Zur Vorgeschichte: Der Iran hatte Israel beschuldigt, bei einem Angriff auf das iranische Konsulatsgebäude in der syrischen Hauptstadt Damaskus zwei iranische Top-Generäle und sieben weitere Personen getötet zu haben. Teheran drohte daraufhin mit Rache. Doch kaum jemand rechnete damit, dass der Iran den Tabubruch wagen würde, selbst Drohnen und Raketen auf Israel abzufeuern. Man erwartete, dass er seine Stellvertreter-Milizen im Libanon oder in Syrien aktivieren würde.

Saudi-Arabiens Kronprinz Mohammed bin Salman (r.) mit US-Außenminister Antony Blinken im März. Gab Riad den entscheidenen Hinweis auf einen bevorstehenden Angriff?
Saudi-Arabiens Kronprinz Mohammed bin Salman (r.) mit US-Außenminister Antony Blinken im März. Gab Riad den entscheidenen Hinweis auf einen bevorstehenden Angriff? © AFP | Evelyn Hockstein

Dann weihte die Führung im Iran jedoch mehrere Golfstaaten und den Irak in seine Pläne ein, einen Angriff mit Boden-Boden-Raketen und Marschflugkörpern von iranischem Territorium aus zu starten. Kurz vor dem Wochenende soll Saudi-Arabien diese Information mit den USA geteilt haben – im Wissen, dass Washington sofort Israel vorwarnen würde. Es gibt außerdem Hinweise, dass die Saudis den westlichen Verbündeten Infrastruktur zur Verfügung stellten, die für das Gelingen des Abwehreinsatzes am Sonntag entscheidend war – etwa die Möglichkeit, auf saudischem Boden Kampfjets aufzutanken.

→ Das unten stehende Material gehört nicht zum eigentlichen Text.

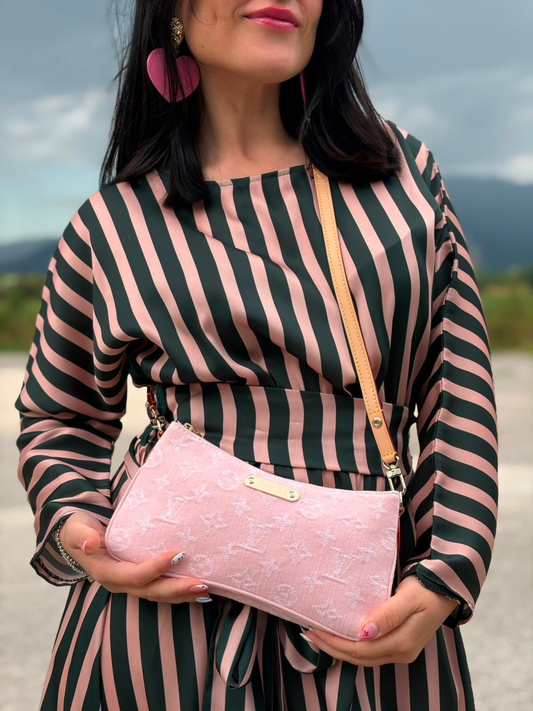 Ragazza che indossa una pochette Liv in denim rosa baby trama monogram, versatile e sicura, con doppia zip, catenella dorata e tracolla regolabile amovibili, usata, originale, second hand, in condizioni eccellenti.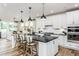 Modern kitchen featuring a large island with seating, stainless steel appliances, and stylish pendant lighting at 2404 Del Webb Gardens Dr, Fuquay Varina, NC 27526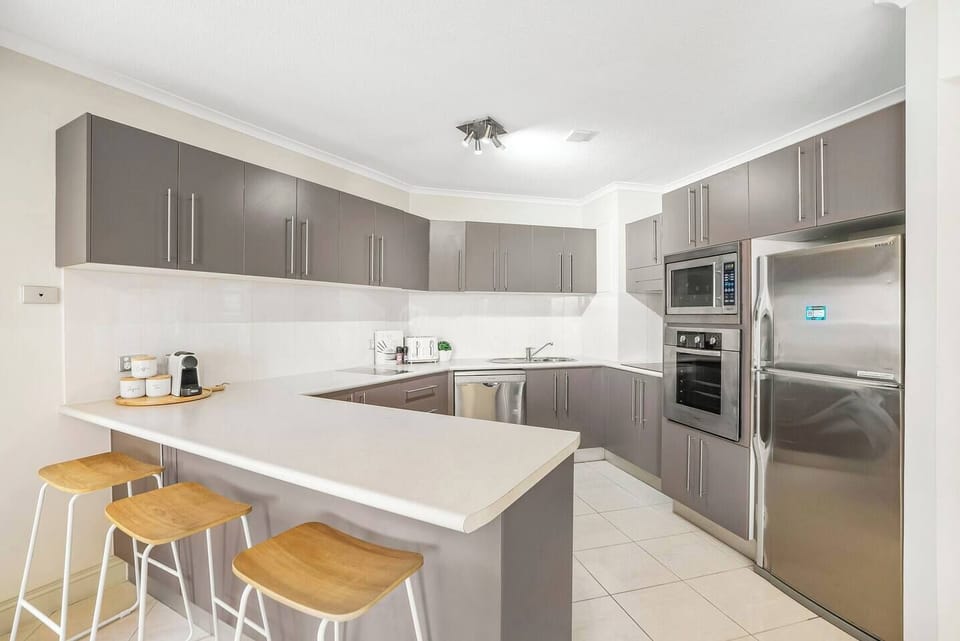 The fully equipped kitchen provides everything you need for culinary creativity, boasting modern appliances and ample counter space to make meal preparation a breeze.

Die Saudis haben ein steigendes Interesse daran, die zunehmend zerstörerische Kraft des Iran einzudämmen. Dass Teheran nicht davor zurückschreckt, nach Belieben Marschflugkörper und Drohnen einzusetzen, musste Saudi-Arabien im Jahr 2019 selbst erfahren, als der Iran eine saudische Ölverarbeitungsanlage angriff.

Sollte Angriff der Hamas auch einen Annäherungsprozess torpedieren?

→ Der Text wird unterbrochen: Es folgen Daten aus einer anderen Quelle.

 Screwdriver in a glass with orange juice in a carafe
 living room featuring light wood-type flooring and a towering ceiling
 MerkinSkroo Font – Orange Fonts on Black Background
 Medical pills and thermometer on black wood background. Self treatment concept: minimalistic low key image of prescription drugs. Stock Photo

Die Idee, eine gemeinsame Front gegen den Iran zu bilden, die auch Israel miteinschließt, ist viel älter als der Krieg in Gaza. Bereits seit Jahren finden verdeckte Verhandlungen zwischen israelischen und saudischen Vertretern statt, meist über US-Vermittlung. Im vergangenen Jahr soll ein Annäherungsprozess zwischen Israel und Saudi-Arabien große Fortschritte gemacht haben. Offenbar standen Israels Premier Benjamin Netanjahu und der saudische Kronprinz Mohammed bin Salman vor einem historischen Coup zur Normalisierung ihrer Beziehung.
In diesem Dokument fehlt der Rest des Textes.